═══ Records for this task

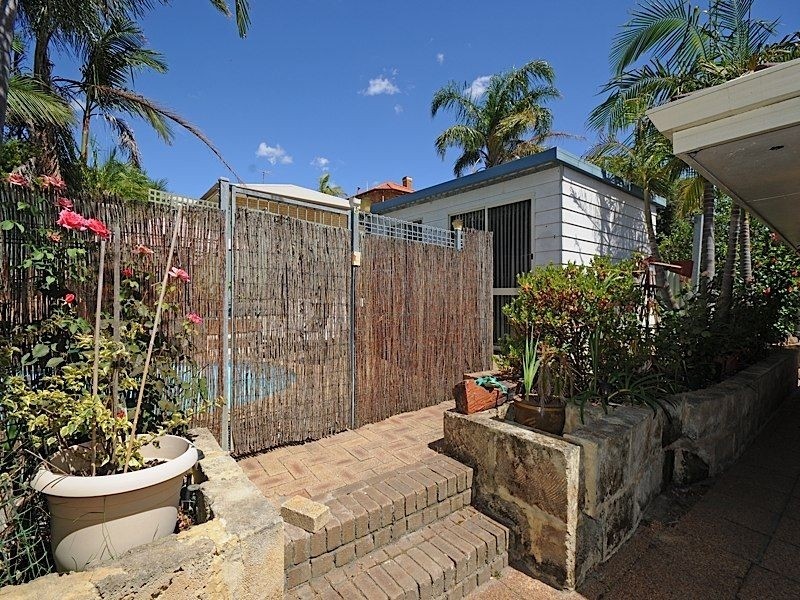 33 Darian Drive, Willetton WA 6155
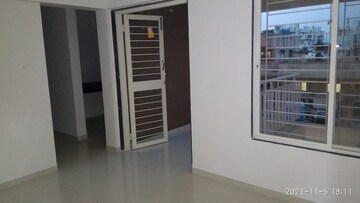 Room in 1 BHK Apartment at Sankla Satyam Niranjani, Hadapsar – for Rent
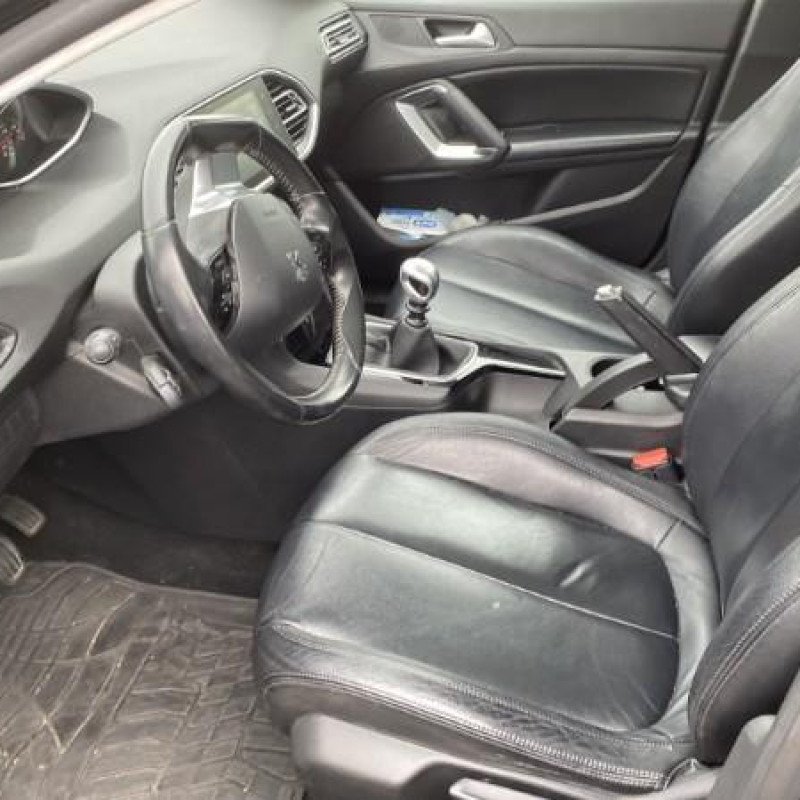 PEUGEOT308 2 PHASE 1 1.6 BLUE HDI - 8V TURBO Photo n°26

══════
═══ Records for this task

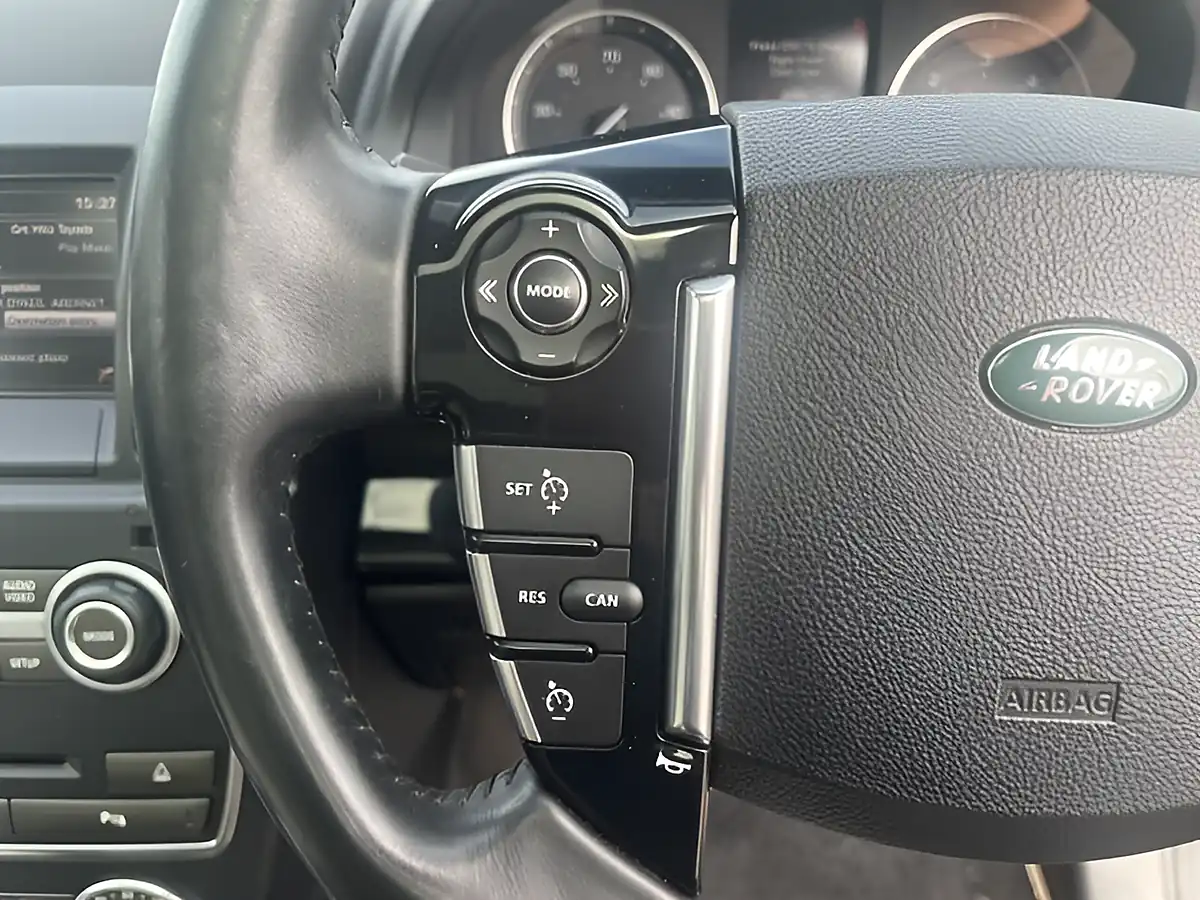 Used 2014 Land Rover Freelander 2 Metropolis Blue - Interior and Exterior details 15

══════

▶ Action item
In the data above, retype only the stretch from the line with "Room in 1 BHK" through the line with "PEUGEOT308 2 PHASE", word for word, and skip any pictures.

▶ Result for this task
 Room in 1 BHK Apartment at Sankla Satyam Niranjani, Hadapsar – for Rent
 PEUGEOT308 2 PHASE 1 1.6 BLUE HDI - 8V TURBO Photo n°26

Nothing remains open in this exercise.